My parents were equal partners in a marriage and there was never any kind of gender discrimination at home.

Then there was my maternal grandmother who had been widowed in her early 40s and her life revolved around theatre, art, the library and social service.

I spent my vacations with her and she would take me along to solidarity meetings.

I would hear women like her speak and they made an impression.

Strong women bring up strong children.

Have you ever felt that raising your voice against someone from the film industry has adversely affected your career?

If you are a strong-minded, opinionated woman, scars are inevitable, you just have to choose your battles carefully.

In my case, the incident was not related to casting, work or even the film industry.

It did not happen on a set or a studio.

When this incident happened, I was busy with a lot of work in the industry.

Even at that time, I did not think about how it would affect me because I was focused on doing what I felt was right without considering the repercussions.

I felt the perpetrator needs to be punished.

I didn't worry about whether work would stop because I believe good people and good directors recognise good talent and sooner or later, your good work will shine through.


IMAGE: Geetika Tyagi shoots with Jaideep Ahlawat on the sets of Suparn S Verma's Aatma. Photograph: Kind courtesy Geetika Tyagi/Instagram

Did you miss out on any big banners or lead roles?

I was doing commercial films like Aatma, with Nawazuddin Siddiqui and Bipasha Basu, and One By Two, with Abhay Deol then.

If I did miss out on any projects, I was too focused on all that was happening to think about it and repent later.

I've always been very selective about my work and have turned down roles that had nothing to offer me as an actor and objectify me as a woman.

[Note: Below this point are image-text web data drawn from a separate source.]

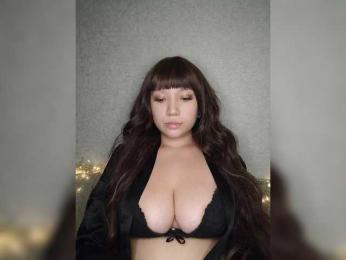 Goldlove10 bongacams stream image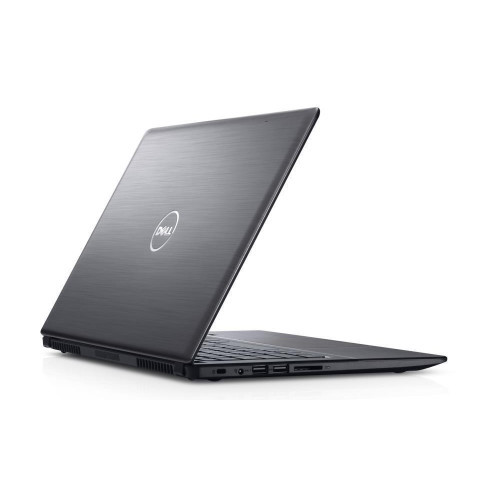 NB LAT 5480 CI5-7200U 14" ENG/8/256GB N039L548014EMEA DELL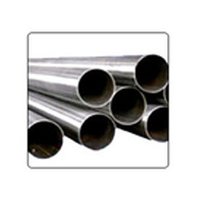 Carbon Steel Tubes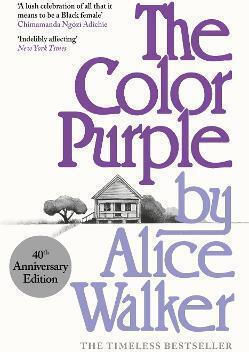 The Color Purple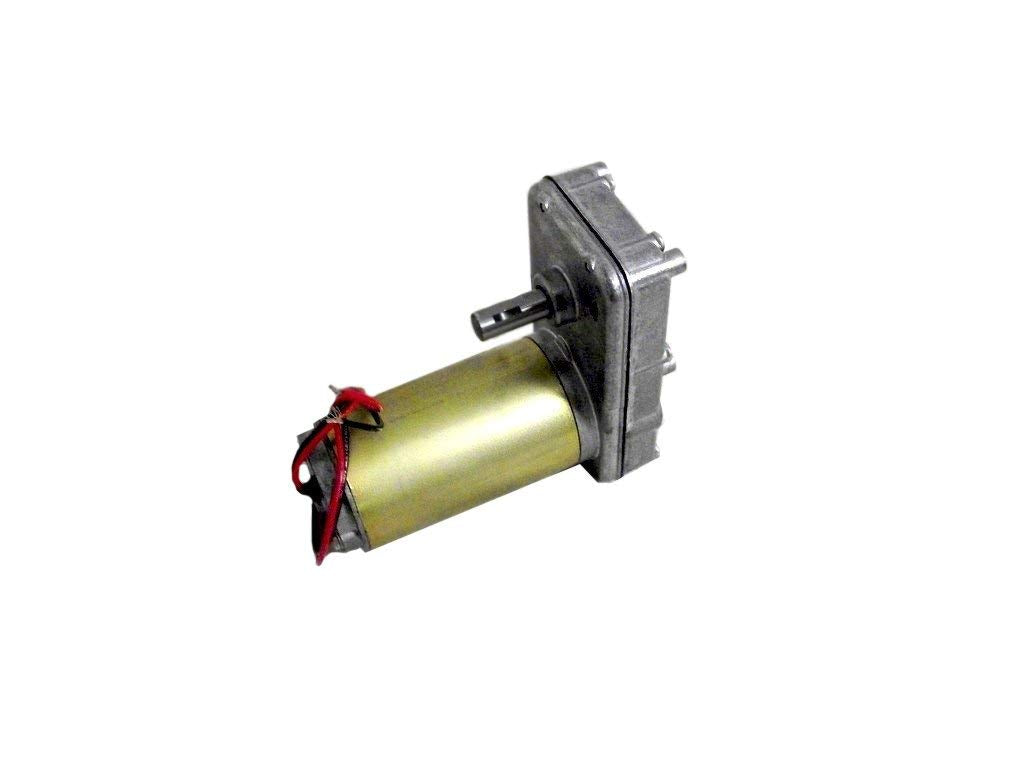 Filabot EX2 Gearmotor Replacement Kit - Filabot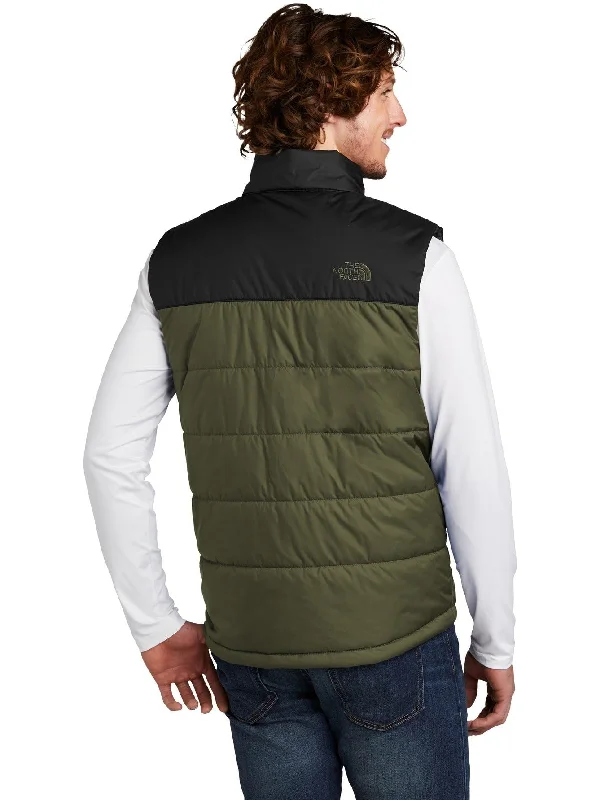 the-north-face-everyday-insulated-vest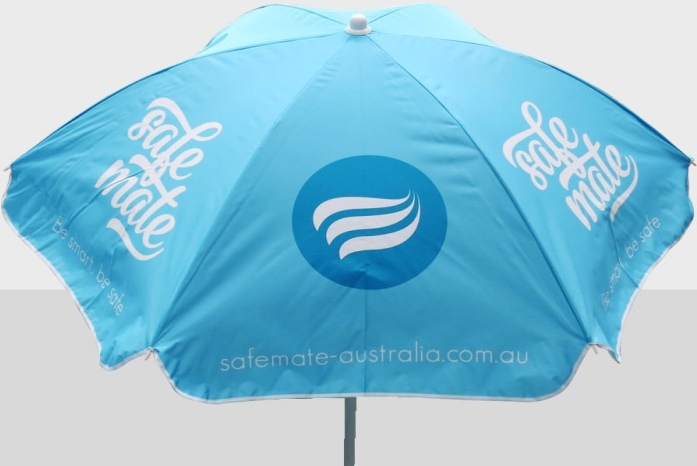 Golf Umbrellas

Even when it was a light-hearted, commercial film, like the madcap comedy Tera Mera Tedha Medha, which I accepted to break out of the rut, it was important that there was something in it for me.

There's an interesting film, Okay Tata Bye Bye, on the Bachhada community of Madhya Pradesh which survives on prostitution.

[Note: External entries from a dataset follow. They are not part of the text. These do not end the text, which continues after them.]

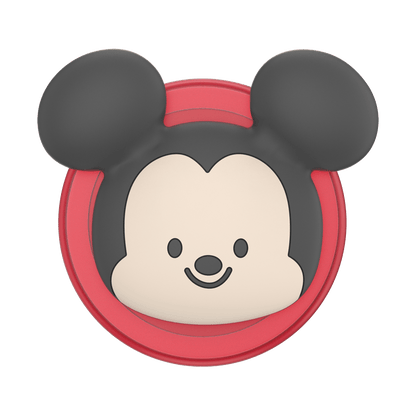 Kawaii Mickey — MagSafe PopGrip - US 86737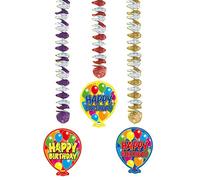 Folat - Ballons Cintres - 3 pièces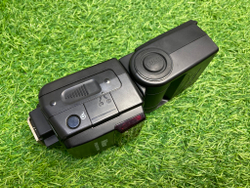 Nikon Speedlight SB-600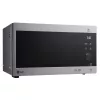 LG MH6565CPS Mikrowelle Edelstahl Grill-Mikrowelle Arbeitsplatte 25 L 1150 W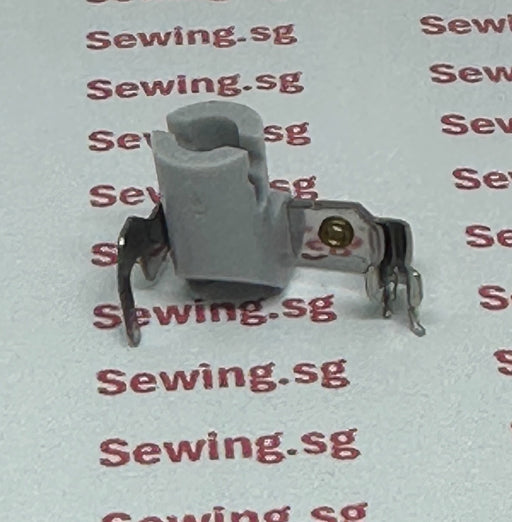 40107612 Needle Threader for Juki Sewing Machine HZL G110 & G220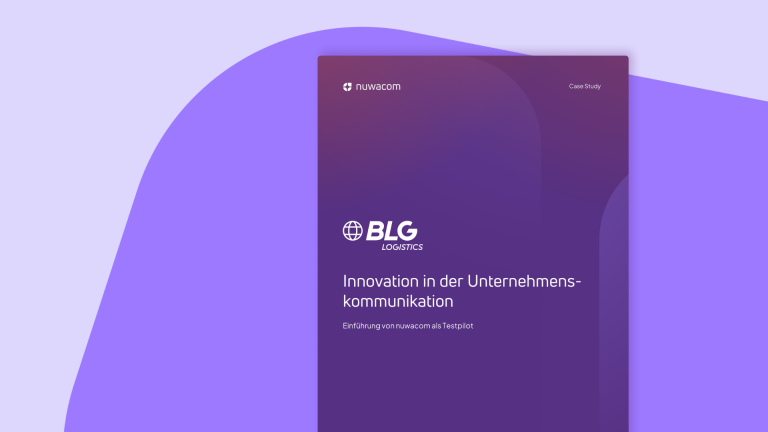 Blogbild-ebook-Medien-ud-KI-768x432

The Bachchads live close to the highway and fathers and brothers themselves bring their daughters and sisters to the truck drivers when they break journeys.

It's all very normal and something that has been going on for years.

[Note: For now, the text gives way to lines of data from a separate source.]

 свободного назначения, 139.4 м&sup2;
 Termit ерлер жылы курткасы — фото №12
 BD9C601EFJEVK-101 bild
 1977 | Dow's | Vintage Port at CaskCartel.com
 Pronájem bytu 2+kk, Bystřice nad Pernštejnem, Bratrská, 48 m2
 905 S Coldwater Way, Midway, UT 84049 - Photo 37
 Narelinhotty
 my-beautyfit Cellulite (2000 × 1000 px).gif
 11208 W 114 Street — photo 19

I play a documentary film-maker, Pooja, who goes there with her boyfriend, Jim Sarbh, to interview a young girl from the community, Seema, but she cleverly eludes her.

But Pooja, through the journey, learns some harsh truths about the society we live in where both girls are two sides of the same coin.

There was an anthology, The Owner, helmed by 25 directors across five continents...

Yes, I played the wife of Nawazuddin Siddiqui, a bullock cart driver in a remote Indian village, who lands a bag that has travelled across 18 countries and has the job of reaching it to its final destination.

Both of us were very excited about being a part of an international project though it didn't take us outside India or even Mumbai.

We built a kutiya on a piece of land opposite Govinda's bungalow, got a cart and bullocks and shot our portions in Juhu.

Another exciting project was YRF's Powder, in which I played the lead, an officer of the Narcotics Control Bureau. My character's main motive is to prove herself in the world of men.

Your other release, Dukaan, released last week.

It was great fun shooting with Siddharth-Garima in Gujarat.

My character, Dr Navya Chandel, is based on a well-known doctor in Anand and Ahmedabad, who has hospitals in Mumbai too.

Dr Navya sells dreams to couples who can't have children, there are 30 girls working in her clinic as surrogates.

It is another sensitive, socially relevant topic that talks about fertility, IVF and surrogacy, but in a commercial package, with songs, dances and lots of colours.

What's the next project?

I was to start shooting for an OTT series on boxing, but it was delayed by the farmers' protest and no new dates have been announced.

I thoroughly enjoyed doing the two seasons of Nagesh Kukunoor's Web series City of Dreams.

I played an opinionated, enigmatic, journalist who takes it upon herself to expose a powerful politician, played by Atul Kulkarni, and is killed.